(Alliance News) - Meta Platforms Inc faces a fight to retain users after the social media giant on Thursday suffered its worst one-day crash in its ten-year history as a public company.
The company formerly known as Facebook saw around USD200 million after it posted disappointing results in the fourth quarter of 2021, exacerbated by a poor growth outlook late Wednesday. Its market value at the previous close stood at around USD900 billion.
The stock was down 25% at USD240.78 in New York on Thursday.
Meta reported net income of USD39.37 billion in 2021, up 35% from USD29.15 billion a year prior. This came off revenue of USD117.93 billion, up 37% from USD85.97 billion.
Diluted earnings per share for the year rose 36% to USD13.77 from USD10.09.
The Mark Zuckerberg-led firm also said daily active user numbers at Facebook - a key growth target for investors - fell to 1.929 billion in the three months to December, from 1.93 billion in the previous quarter.
Meta revealed it had spent USD10 billion on its interconnected virtual world - dubbed the "metaverse" - and warned it faced "headwinds from both increased competition for people's time and a shift of engagement".

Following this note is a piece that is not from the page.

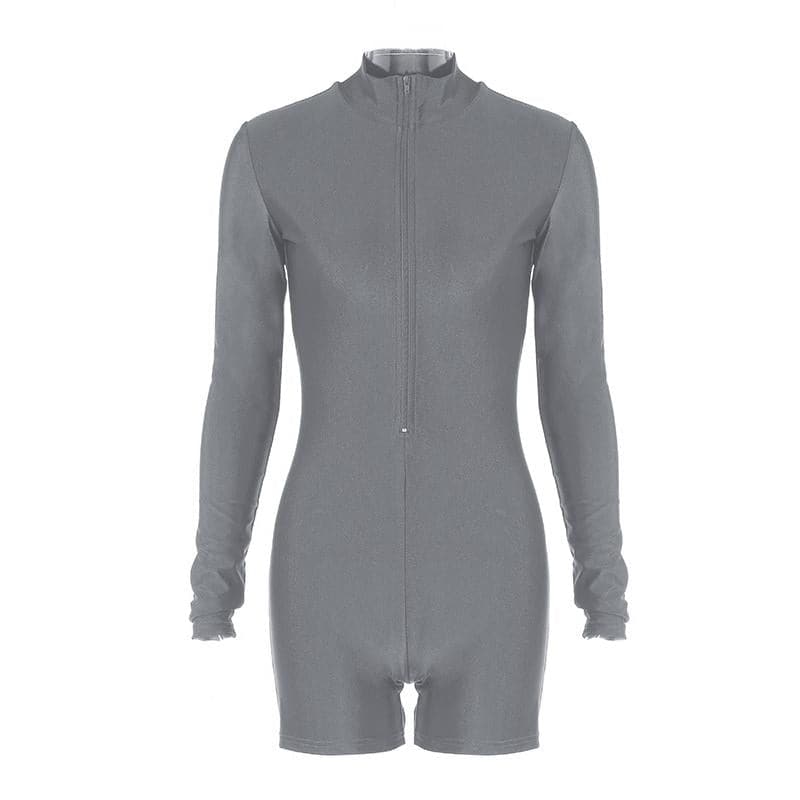Zip-up solid long sleeve high neck romper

The platform has struggled with user engagement in the face of rising competition from ByteDance's video-sharing app TikTok - popular among Gen Z consumers.

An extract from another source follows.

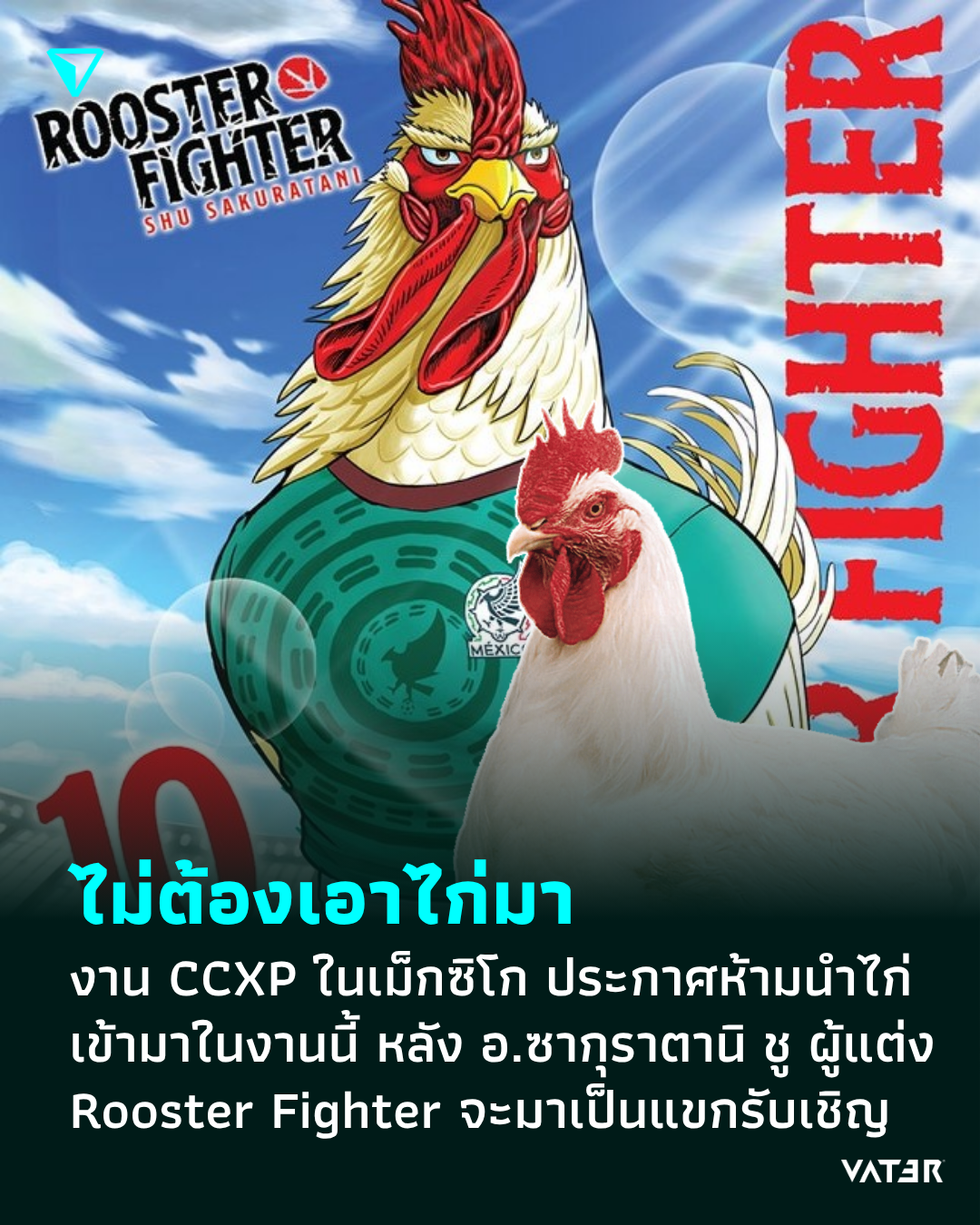 ภาพประกอบข่าว ไม่ต้องเอาไก่มา งาน CCXP ในเม็กซิโก ประกาศห้ามนำไก่เข้ามาในงานนี้ หลัง อ.ซากุราตานิ ชู ผู้แต่ง Rooster Fighter จะมาเป็นแขกรับเชิญ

Looking at the fourth quarter of 2021, net income slipped 8.6% to USD10.26 billion from USD11.22 billion a year before. This came on the back of a 38% increase in costs & expenses of USD21.09 billion from USD15.30 billion. Diluted EPS for the quarter retreated 5.4% to USD3.67 from USD3.88.
Looking ahead, Meta expects first quarter 2022 revenue to fall in the range of USD27 billion to USD29 billion. This would be up between 3% and 11% year-on-year.

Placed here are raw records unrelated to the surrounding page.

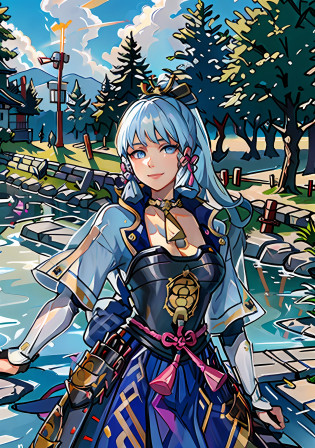 (masterpiece), (best quality), (ultra detailed),(disheveled hair),(illustration), (1girl), standing, smiling, beautiful detailed eyes, light blue eyes, detailed beautiful face, (kamisato ayaka: 1.2), focus on face,  ponytail, kamisato ayaka(genshin impact), light blue hair, detailed hair, bangs, best lighting, best shadow, highly detailed, vibrant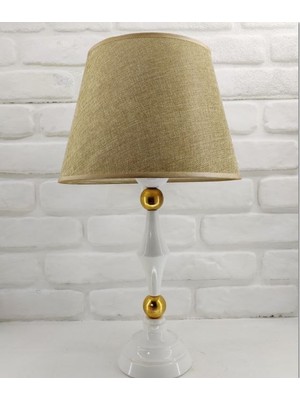 365gunserisonu Beyaz Rustik Modern Konik Gold Toplu Metal Ayaklı  Kahverengi Kumaş Şapkalı   Abajur Masa Lambası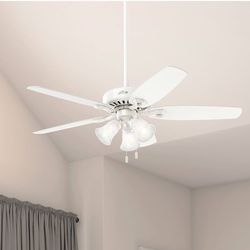 Hunter Fan Indoor Ceiling Fan With Light And Pull Chain Control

The Menlo Park, California-based firm sees year-on-year growth in the first quarter to be hurt by headwinds to both impression and price growth.
Facebook said on Wednesday that Apple Inc's App Tracking Transparency feature would decrease the company's 2022 sales by about USD10 billion.
The privacy change reduces targeting capabilities by limiting advertisers from accessing an iPhone user identifier.
"A a near-USD1 trillion price tag for the company leaves little room for disappointment, especially as that figure represents more than 20 times forecast profits for this year. That lofty valuation could look even more exposed if these fourth-quarter numbers suggest that demand for Facebook may be reaching saturation point," AJ Bell's investment director Russ Mould said.
"The company may therefore look to increase average revenue per user (ARPU) and it is doing a good job here. In the fourth quarter ARPU rose 14% year-on-year to USD11.57 but if advertisers see any shrinkage in the platform's user base that could prove hard to sustain, especially as the change to privacy settings to Apple's iOS platform make it harder for digital advertisers to harvest customer data and target them effectively," Mould added.